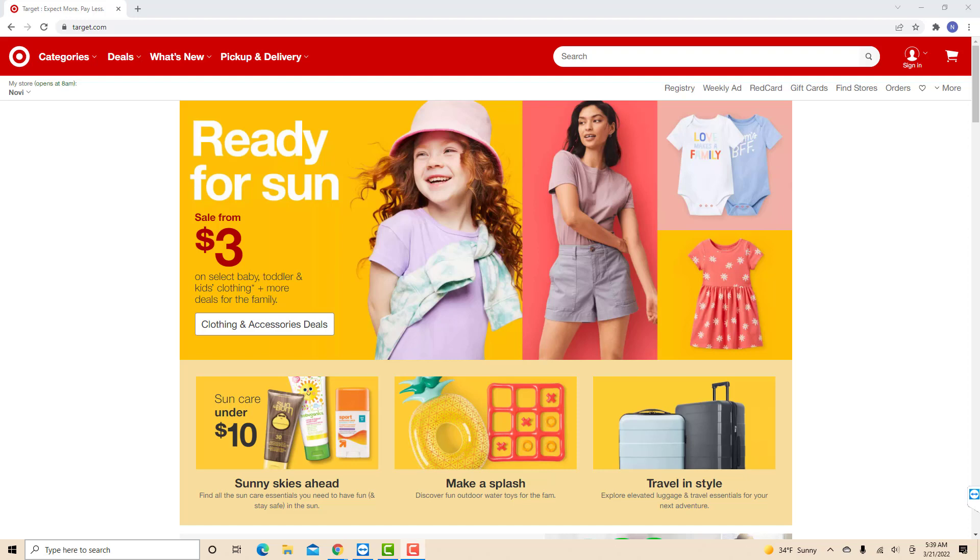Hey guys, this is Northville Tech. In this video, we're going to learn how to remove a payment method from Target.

---*---

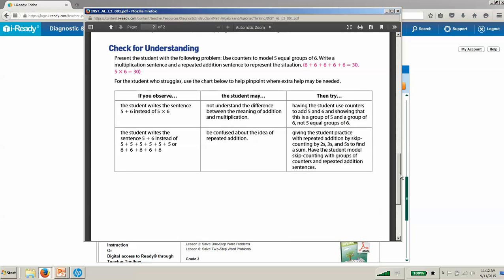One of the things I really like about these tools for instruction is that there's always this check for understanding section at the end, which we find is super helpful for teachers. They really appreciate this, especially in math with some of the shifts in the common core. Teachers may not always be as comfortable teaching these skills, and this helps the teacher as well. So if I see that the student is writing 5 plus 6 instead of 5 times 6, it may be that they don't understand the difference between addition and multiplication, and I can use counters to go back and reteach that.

---*---

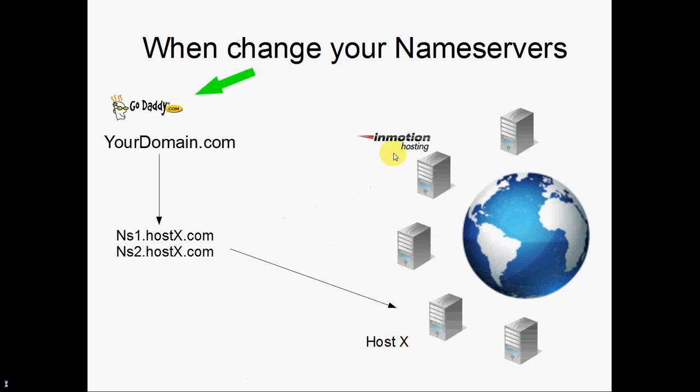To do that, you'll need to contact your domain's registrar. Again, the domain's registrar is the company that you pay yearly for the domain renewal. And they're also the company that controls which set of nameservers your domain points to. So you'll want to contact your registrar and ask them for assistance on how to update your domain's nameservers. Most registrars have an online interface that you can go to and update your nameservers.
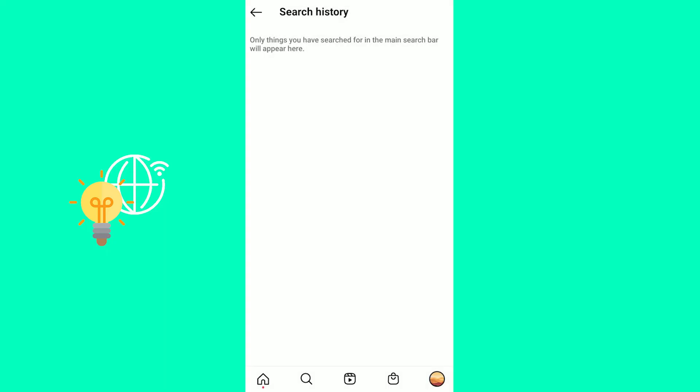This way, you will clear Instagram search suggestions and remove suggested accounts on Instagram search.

---*---

TASK DETAILS: What is wanted is an exact copy of the lines above from the one containing "To do that, you'll" through the one containing "This way, you", with no pictures in it.

ANSWER TO THIS EXERCISE:
To do that, you'll need to contact your domain's registrar. Again, the domain's registrar is the company that you pay yearly for the domain renewal. And they're also the company that controls which set of nameservers your domain points to. So you'll want to contact your registrar and ask them for assistance on how to update your domain's nameservers. Most registrars have an online interface that you can go to and update your nameservers.
This way, you will clear Instagram search suggestions and remove suggested accounts on Instagram search.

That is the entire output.